TASK: Word for word, copy the lines from the one with "Two people shoot" to the last line of the data below, counting both, and keep every picture out.
--- DATA Enclosed Below ---
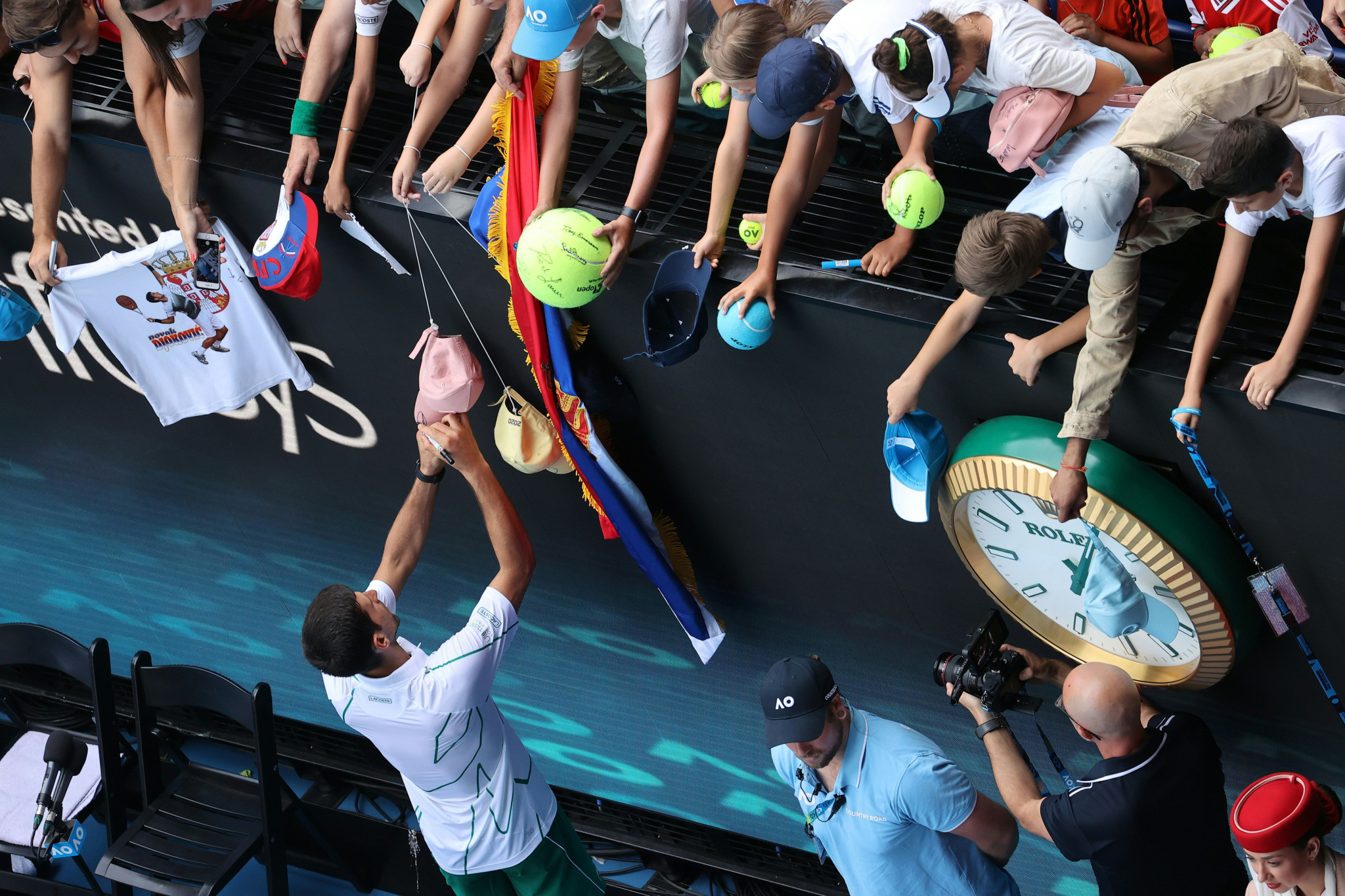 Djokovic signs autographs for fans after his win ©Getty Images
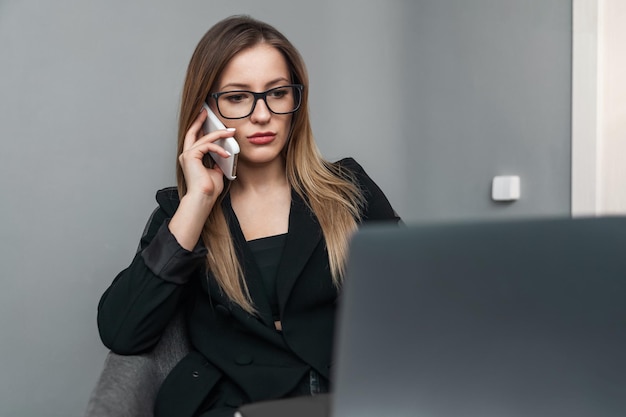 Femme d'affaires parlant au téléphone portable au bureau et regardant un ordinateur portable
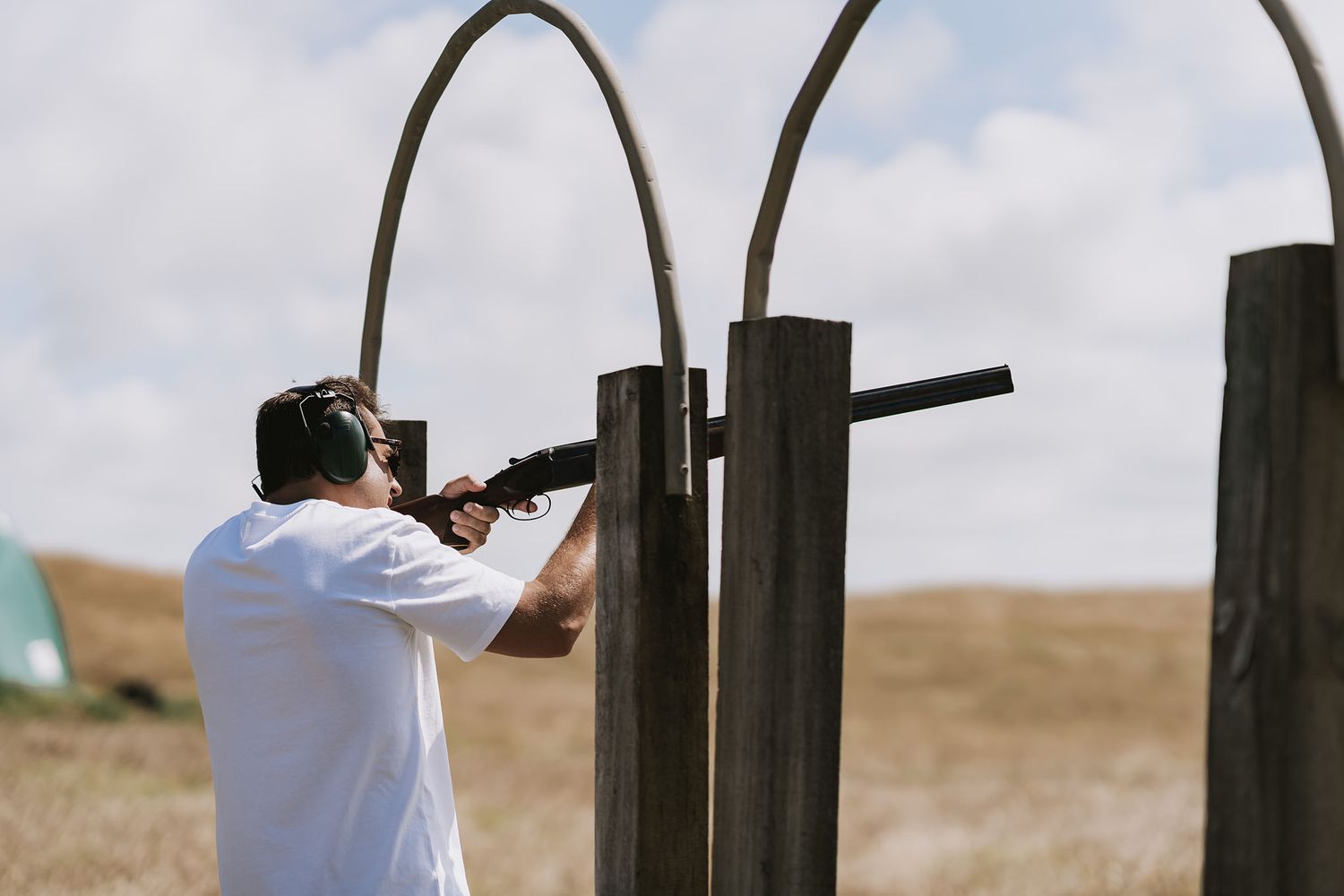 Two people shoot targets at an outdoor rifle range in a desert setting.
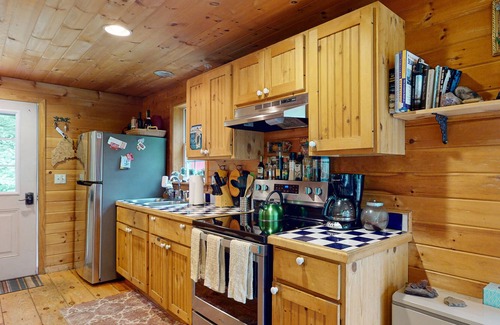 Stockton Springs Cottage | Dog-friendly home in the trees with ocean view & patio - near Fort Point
--- End of Enclosed DATA ---
ANSWER SPACE:
 Two people shoot targets at an outdoor rifle range in a desert setting.
 Stockton Springs Cottage | Dog-friendly home in the trees with ocean view & patio - near Fort Point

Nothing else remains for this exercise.